O yeh all the fish in the pics are dead!


----------



## dbarham (Aug 13, 2005)

lookoutg deano5xbreaks his silence


----------



## deano77511 (Feb 2, 2005)

Has anyone seen this guy! He is a fish killer whatch out!


----------



## deano77511 (Feb 2, 2005)

LIKE this ONE


----------



## deano77511 (Feb 2, 2005)

he killed this one also!


----------



## Bigwater (May 21, 2004)

I've known Sneeky since he and I was about nine years old. I remember him getting licks in the sixth grade giving Ms. Eubanks old ned. 
If you got a problem with what he's got dead on these pics then you should have abig time problem with what he's ate over the years! LMAO 
I remember when Deano6x wouldn;t get out of bed and old Pete went down there with that old Bone Ghost and tore into em really hard. 
You couldn;t pry that ghost out of his hands for a couple years! LOL
Glad you boys aint pickin on them dinks...give em room.
Pete you dont need to rent a car...just give me a ring, I've got the ultimate anti potlicker vehicle. LOL LOL LOL

Biggie


----------



## dbarham (Aug 13, 2005)

deano5x said:


> he killed this one also!


 yeah she is on the wallhwell:


----------



## deano77511 (Feb 2, 2005)

dbarham said:


> yeah she is on the wallhwell:


 nope def.fish but will get you a pic of that dead one too!


----------



## Bigwater (May 21, 2004)

deano5x said:


> nope def.fish but will get you a pic of that dead one too!

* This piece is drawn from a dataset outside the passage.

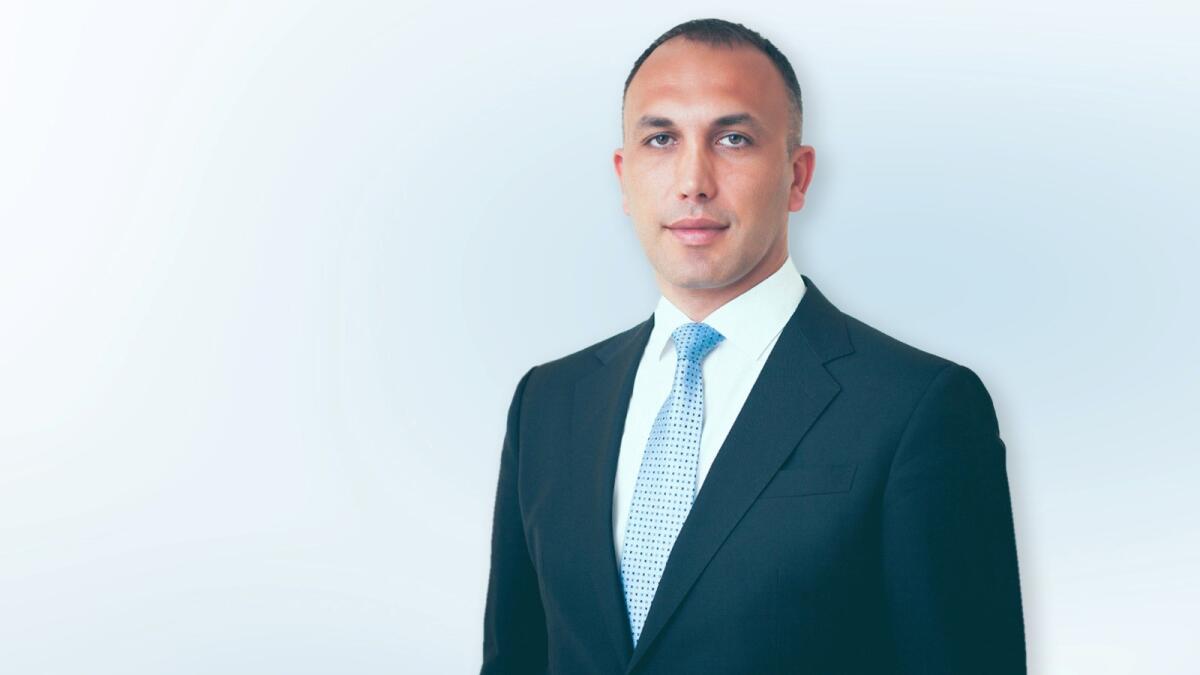 Osman Xaliyev: "Elektron kredit və zəmanət" sisteminin yaradılması üzrə işlər həyata keçirilir"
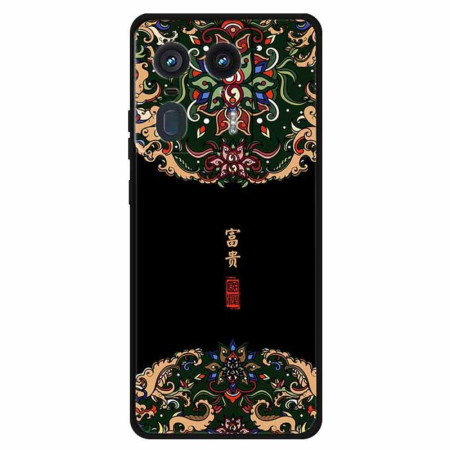 Kansi Motorola Edge 50...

Quit worrying about dead fish.
I thought you were told to get in there and get them fish cleaned! LOL

Biggie


----------



## lilevil (Dec 3, 2008)

Nice fish!


----------



## rohn jamsour (Jul 25, 2008)

Nice fish coming out of Matty


----------



## barnman1980 (Feb 1, 2008)

Good catch. Thanks for the report. Also I like the way fish taste so I keep them also.


----------



## deano77511 (Feb 2, 2005)

Bigwater said:


> Quit worrying about dead fish.
> I thought you were told to get in there and get them fish cleaned! LOL
> 
> Biggie


 Man I know i cant wait tell Dad ungrounds me,Ive been cleaning fish,cleaning red ghost,clean the boat when his party gets done .....I promiss i will never ever sleep in and not wake up!


----------